* [Exercise inputs]:
────────────────────
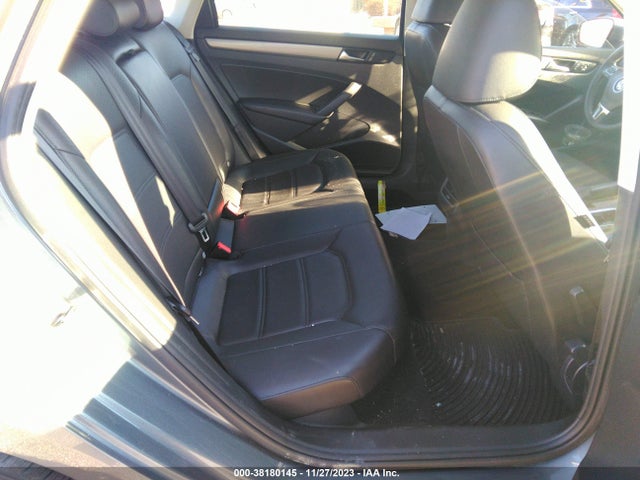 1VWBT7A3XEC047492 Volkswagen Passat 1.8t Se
────────────────────
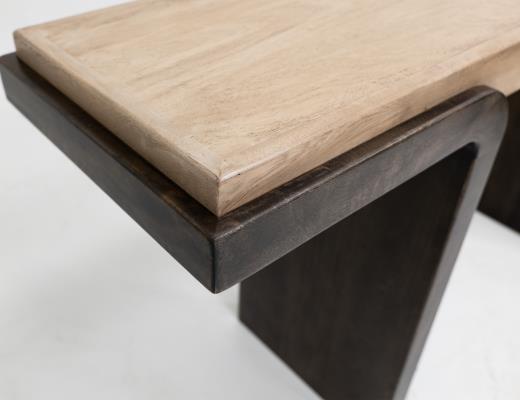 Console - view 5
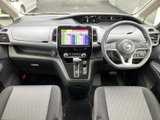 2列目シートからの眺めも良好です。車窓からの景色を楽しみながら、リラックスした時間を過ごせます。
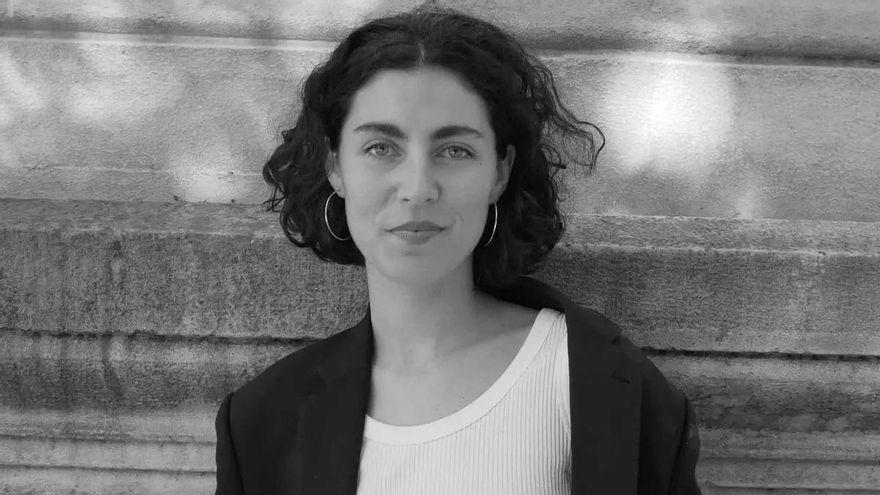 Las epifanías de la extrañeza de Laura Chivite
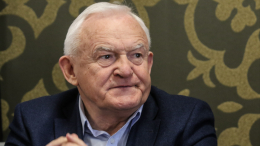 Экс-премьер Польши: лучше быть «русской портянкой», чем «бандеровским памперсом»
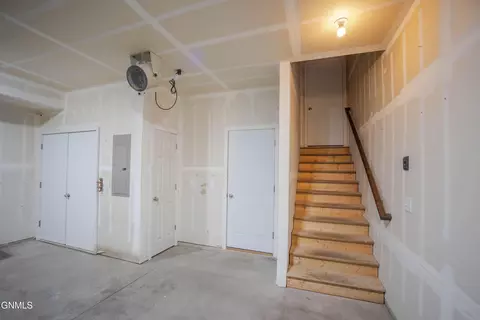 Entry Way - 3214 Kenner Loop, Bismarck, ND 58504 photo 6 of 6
────────────────────
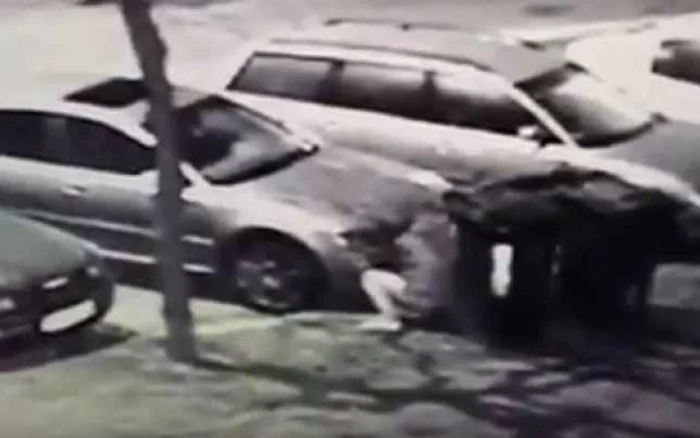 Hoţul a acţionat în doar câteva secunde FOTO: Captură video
────────────────────
Copy nothing but the lines above that run from the one with "Console - view 5" to the one with "Entry Way - 3214", ends included; pictures stay out.

 Console - view 5
 2列目シートからの眺めも良好です。車窓からの景色を楽しみながら、リラックスした時間を過ごせます。
 Las epifanías de la extrañeza de Laura Chivite
 Экс-премьер Польши: лучше быть «русской портянкой», чем «бандеровским памперсом»
 Entry Way - 3214 Kenner Loop, Bismarck, ND 58504 photo 6 of 6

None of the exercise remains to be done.